» RECORDS:
════════

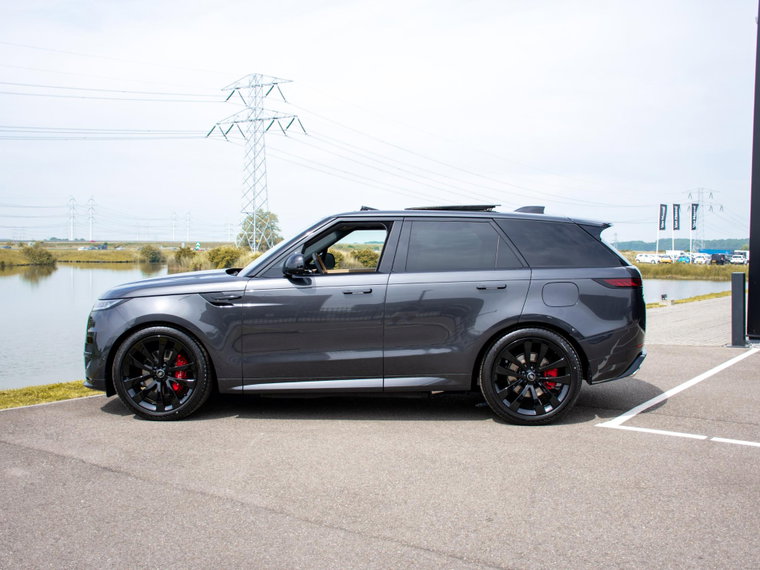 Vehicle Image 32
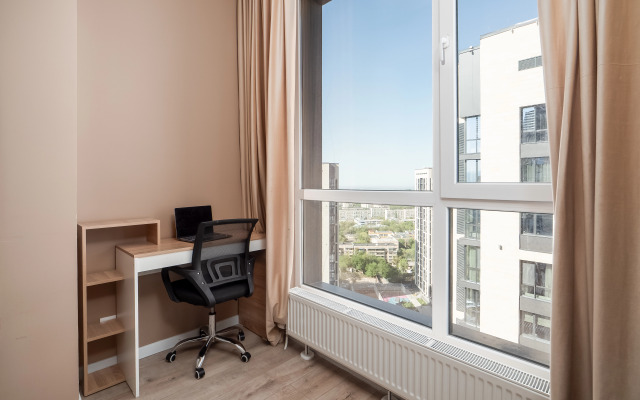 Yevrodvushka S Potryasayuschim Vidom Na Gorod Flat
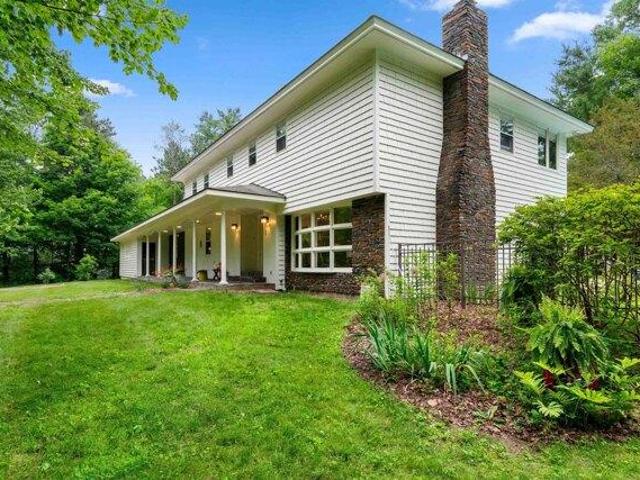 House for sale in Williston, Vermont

════════

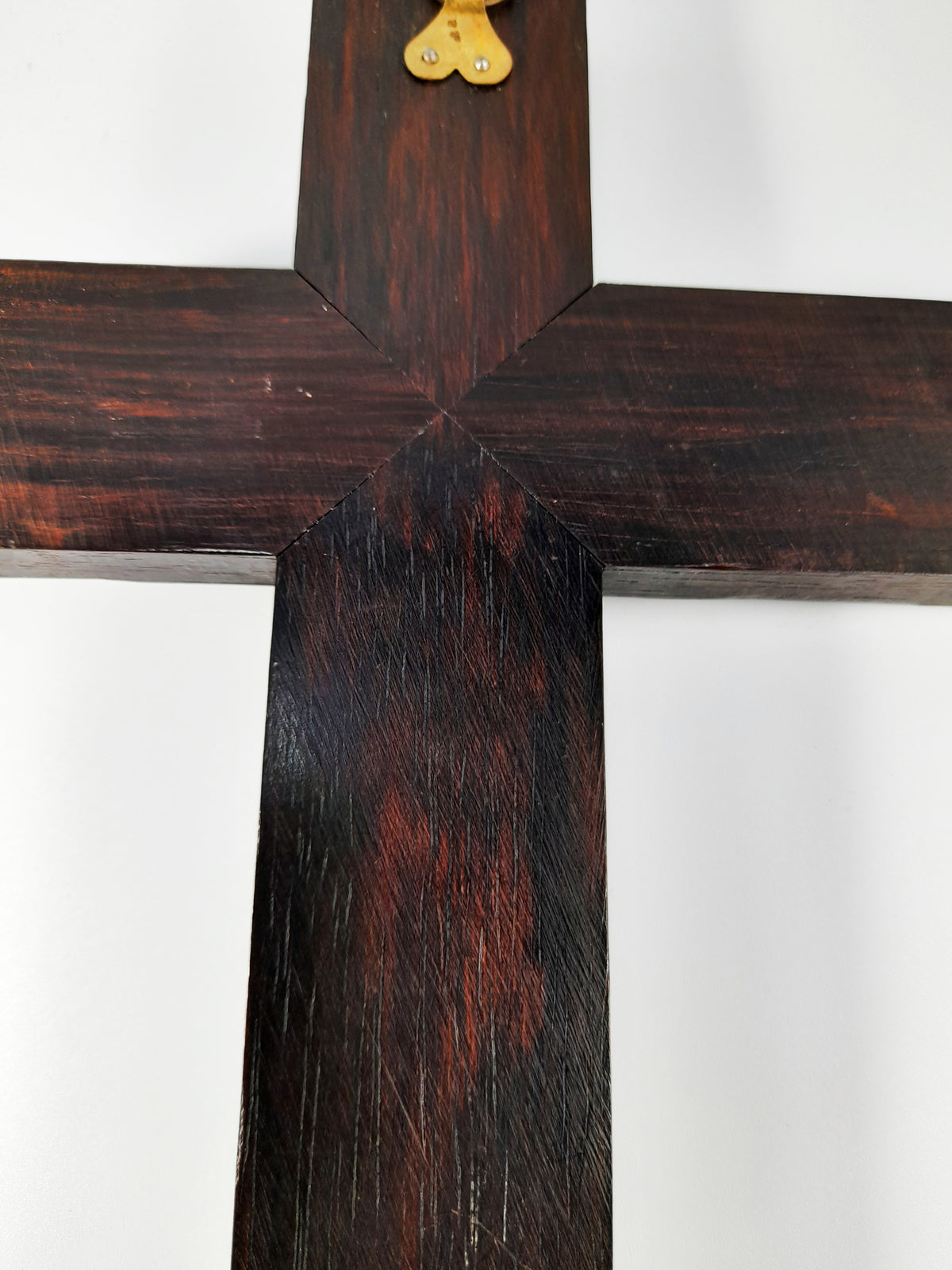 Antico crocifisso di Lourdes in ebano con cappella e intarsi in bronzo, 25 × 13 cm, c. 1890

════════

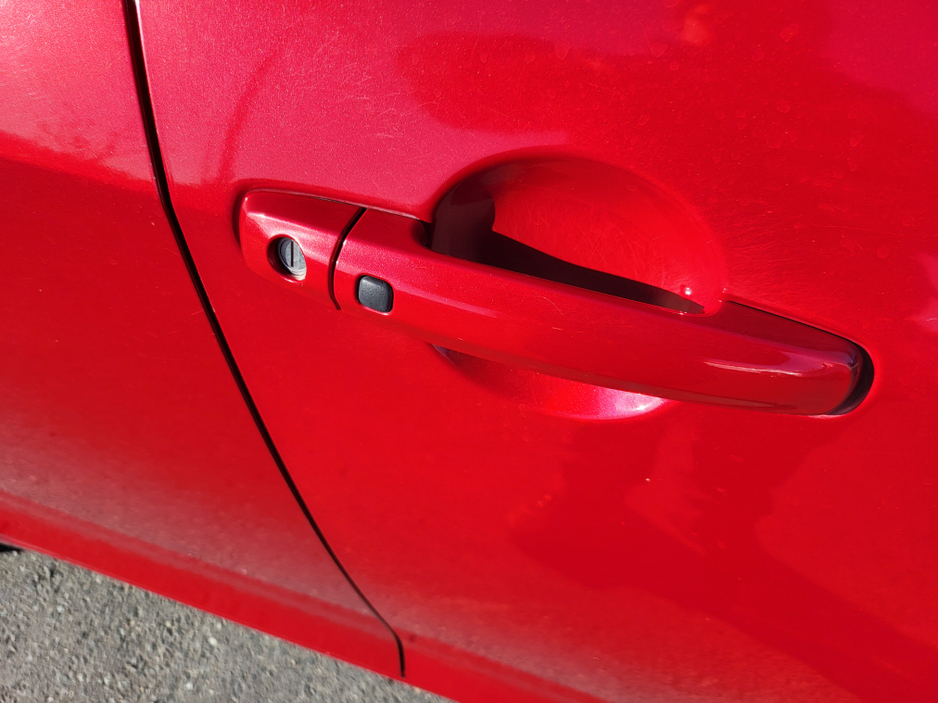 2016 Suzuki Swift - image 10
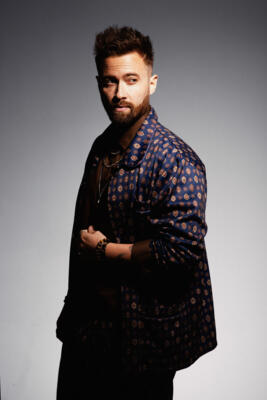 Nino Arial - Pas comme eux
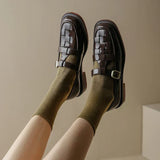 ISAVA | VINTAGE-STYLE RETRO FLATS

════════

» WHAT TO PRODUCE:
All lines above from the one containing "Vehicle Image 32" up to and including the one containing "House for sale in Williston, Vermont" are to be set down exactly, and nothing else. Leave images out.

» ANSWER TO THE EXERCISE:
 Vehicle Image 32
 Yevrodvushka S Potryasayuschim Vidom Na Gorod Flat
 House for sale in Williston, Vermont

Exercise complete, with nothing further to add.